Eliason was the section project manager of the “haul road” that ran 360 miles from the Yukon to Prudhoe Bay – completed in just four months. He then moved to pipeline construction management for the 800-mile-long pipeline from the North Slope to Valdez. At the time it was completed in 1977, the Trans-Alaska Pipeline System was the largest privately funded construction project, at a total of $8 billion.

It was difficult work, he said in the interview. The crews worked seven days a week, 10-14 hours a day. At its peak in 1975, pipeline construction employees numbered 28,000 in 30 separate construction camps. Eliason was headquartered in Fairbanks but spent much of his time in the camps, where he said he often filled the roles of mayor and counseling psychologist, despite the fact that “engineers aren’t supposed to have social skills.”

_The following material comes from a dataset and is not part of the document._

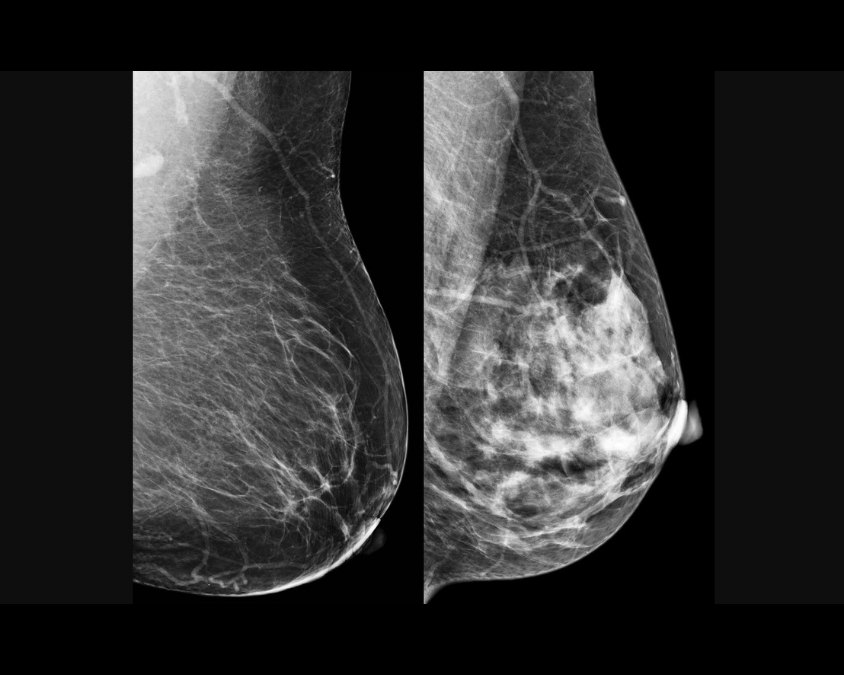 Mulher: Pesquisa brasileira desvenda como alguns tipos de câncer de mama ‘driblam’ tratamento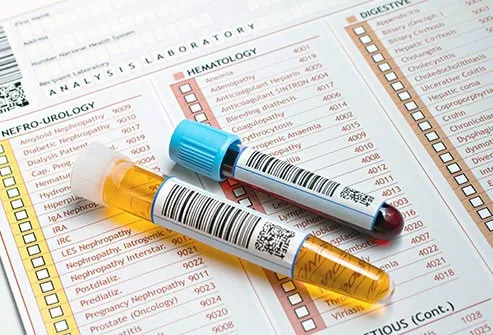 Blood and urine tests can check blood sugar and triglyceride levels.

“The sociology of the camps was very interesting,” Eliason said. “There were lots of people problems. We had a number of known criminals working on the pipeline.” But, he said with pride, “we never had a capital crime.” Workers suffered through cold and snow; hazardous working conditions; equipment problems; environmental constraints; encounters with wolves, bears, and moose; and flagging morale. In all, 31 workers lost their lives during construction.

The Alaska Pipeline was completed in less than two and a half years, and Eliason moved on to other projects, including working as a computer programmer for his son’s travel company in Anchorage. But he never forgot the pipeline.

“I’ve always enjoyed being out on the edge,” he said. “That was about a far as you can get.”

Eliason received a Professional Achievement Citation in Engineering in 1983 from the Iowa State University College of Engineering. He was featured in VISIONS magazine in winter 2005 and was included on a list of 150 “visionaries” – 150 people who shaped Iowa State – during the university’s sesquicentennial in 2007.

His wife, Darlene, died just months short of their 50th wedding anniversary in 1999. The couple had 18 grandchildren and 10 great-grandchildren

Eliason retired as president/owner of Kalaska, Inc. and moved into Deerfield Retirement Community in Urbandale, Iowa. He died at the age of 87 on March 8, 2014.